A parent ad libbing a story, incorporating interjections from their kid, going in wildly random directions as a result would be akin to the sandbox GM.
In both cases, the parent (GM) is "telling" a story.

Would that be a fair representation of how you view it?
 

I don't think my play is transcendent. I'm not a skilled enough actor /roleplayer for that. But I do approach my play with creative intentions to delve into the personal, emotional lives of the characters I play and I try to bring that out when I run games. I don't think it's wild to say that Legion and Shang Chi were approached with different sorts of creative intentions. Both feature excellent actors and Shang Chi has some poignant moments, but it is not aiming for the same sort of emotional depth that Legion is aiming for.
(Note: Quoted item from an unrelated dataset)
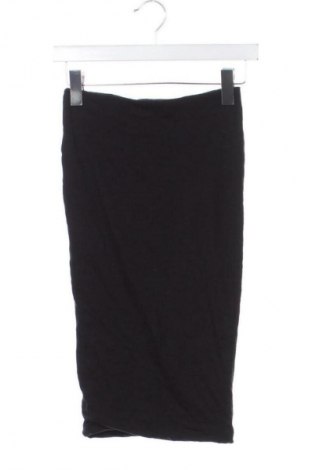 Rock H&M, Größe XS, Farbe Schwarz, Preis € 5,99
Just like there are some moments in Shang Chi that hit harder than some moments in Legion the same can be said for play that is not aiming for personal stakes.

My play is not transcendent, but it's also not something I approach as an excuse to hang out with friends. I'm friends with the people I play with, but this and Nordic LARP are my creative outlets. For me roleplaying games are an extension of my theater background - a way for me to step into cathartic emotional experiences. I'm not going to apologize for that intention. It doesn't make the play better. The intentions are just different.

I also think when other folks have their own lofty ambitions (travel guide to another world) being all kerplumped over the creative ambitions people might approach games like Dogs in the Vineyard with is silly.